Before he made peace with Museveni weeks ago, Mbwatekamwa was the People Power pressure group coordinator for Ankole sub-region.
Magyezi certainly learnt from the 2016 humiliation of now East African Community Affairs minister Maj Gen Kahinda Otafiire of the neighboring Ruhinda County.
With NRM choosing the lining up method, the party expects to have free and fair elections and those who lose in the primaries will be required to back those who will have floored them — giving no excuse of electoral malpractice.
This means that it would be more difficult for one to use their ministerial and financial muscle to cheat their way to the NRM ticket.
The two-term MP could not rule out returning to reclaim his Igara West MP seat in post-2021.
This could be a tactical withdrawal that could help Magyezi capitalize on the mistakes of his successor for the next five years he won’t be an MP, and return to Igara West to seek votes.
In the meantime, both Magyezi and Muruli seem certain they could keep in government, pointing to a likelihood that Museveni assured them of ministerial positions.
Museveni appointed Magyezi minister at the end of 2019, almost two years since the MP championed the removal of the presidential age limit from the constitution.
Without that amendment, Museveni, in power since 1986, would not be on the the 2021 presidential election ballot.
Museveni, 75, is already the NRM sole candidate for next year’s race for the country’s top seat.
Slowly emerging as a key figure in Ankole’s politics, Magyezi is likely to make it to the 2021 cabinet if Museveni wins reelection to extend his rule to four decades.
CONSTITUENCIES GALORE
With Magyezi among those at the helm of making decisions on creating new administrative units — constituencies and districts — some had suspected he could push through a plan to split Igara West.
But factors like size of population didn’t favour him, limiting him to the constituency he has represented since 2011: he had to either face his opponents or quit.
Opposition politicians have criticized the creation of new counties, arguing it would be an extra burden to the tax payers and would be a classical case of gerrymandering.

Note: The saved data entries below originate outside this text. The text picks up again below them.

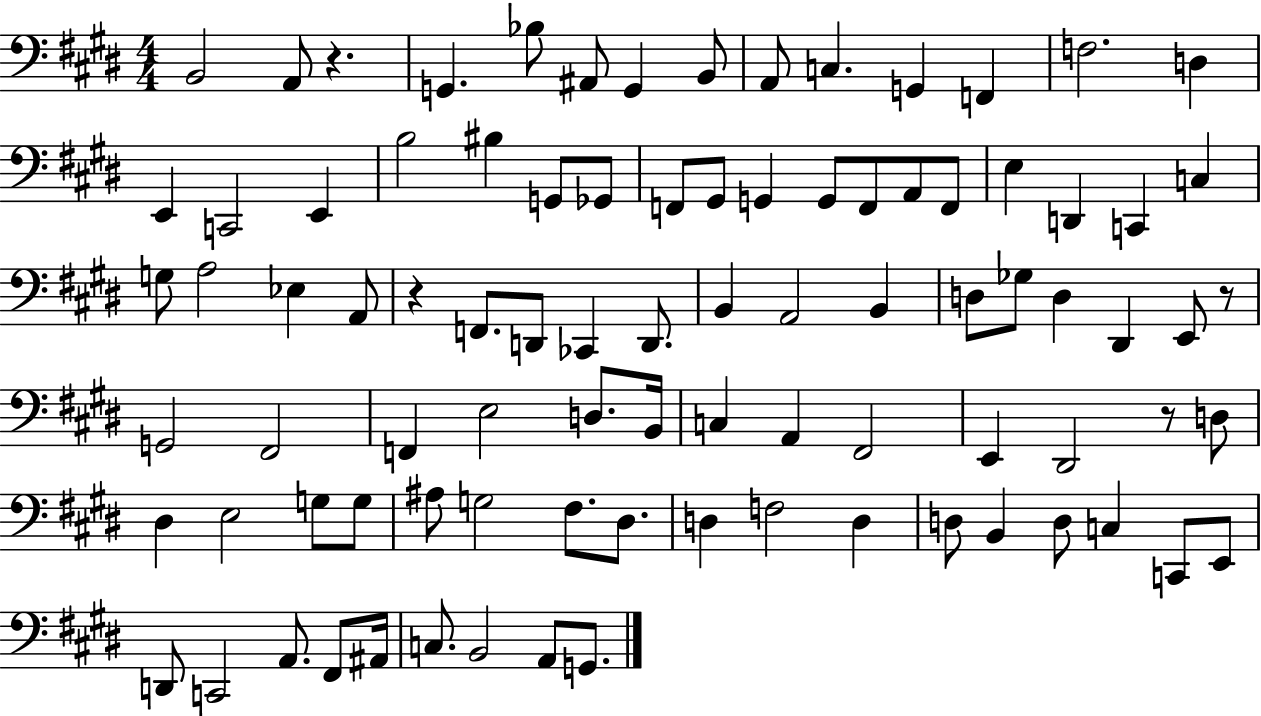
X:1
T:Untitled
M:4/4
L:1/4
K:E
B,,2 A,,/2 z G,, _B,/2 ^A,,/2 G,, B,,/2 A,,/2 C, G,, F,, F,2 D, E,, C,,2 E,, B,2 ^B, G,,/2 _G,,/2 F,,/2 ^G,,/2 G,, G,,/2 F,,/2 A,,/2 F,,/2 E, D,, C,, C, G,/2 A,2 _E, A,,/2 z F,,/2 D,,/2 _C,, D,,/2 B,, A,,2 B,, D,/2 _G,/2 D, ^D,, E,,/2 z/2 G,,2 ^F,,2 F,, E,2 D,/2 B,,/4 C, A,, ^F,,2 E,, ^D,,2 z/2 D,/2 ^D, E,2 G,/2 G,/2 ^A,/2 G,2 ^F,/2 ^D,/2 D, F,2 D, D,/2 B,, D,/2 C, C,,/2 E,,/2 D,,/2 C,,2 A,,/2 ^F,,/2 ^A,,/4 C,/2 B,,2 A,,/2 G,,/2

Read: MP Nsereko: New constituencies created to give Museveni’s NRM ‘abnormal majority’ in Parliament
However, Magyezi and the government he works for insisted the hewing of new constituencies from existing ones was within the law, meant to bring services closer to the people and to offer them better representation.

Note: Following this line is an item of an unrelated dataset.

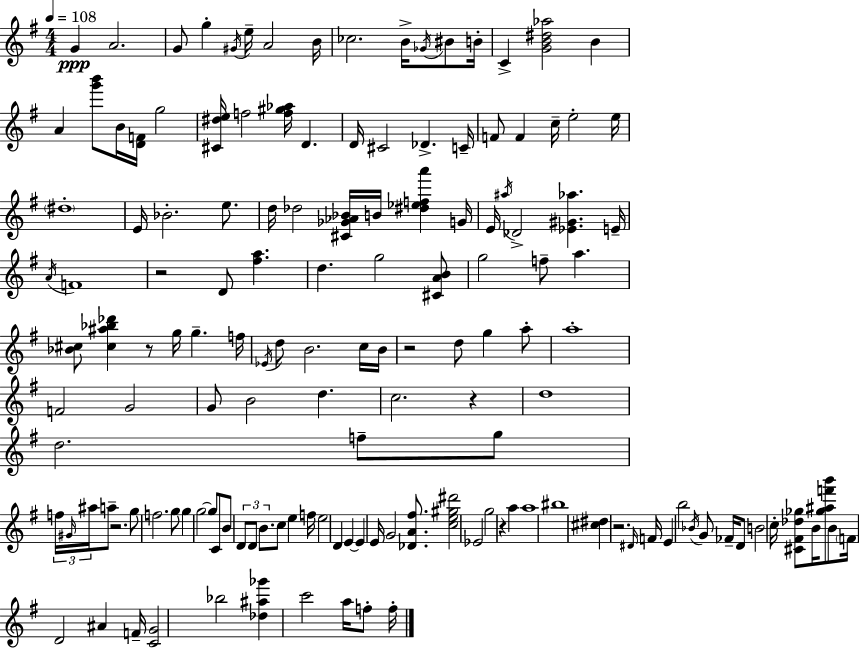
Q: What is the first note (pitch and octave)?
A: G4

Could Magyezi, by accepting to pull out of the Igara West parliamentary seat, be working out plans to split the Bushenyi-based constituency post-2021?
LAW ON APPOINTMENT OF MINISTERS OUTSIDE PARLIAMENT
Ministers quitting elective politics could also be reading much into the rumor in corridors of parliament that cabinet might soon table a bill barring the president from appointing MPs as ministers.
Those pushing for this amendment say as ministers, elected MPs do not have time to fully execute their roles as people’s representative in the legislature.
For example, ministers are not assigned to committees of parliament, and some of them miss plenary — except when their ministries have an important bill to present or a response to make on an issue.
This divided attention — with one having to fulfill one’s responsibilities as an MP and as a minister — is what proponents of this bill seek to cure.
If such a bill went through, it could mean that no MP could qualify as a minister.
If passed before the 2021 elections, it could allow politicians to choose whether to start lobbying for ministerial appointments or courting the electorate.
Could Magyezi and Muruli be privy to information on such a plot?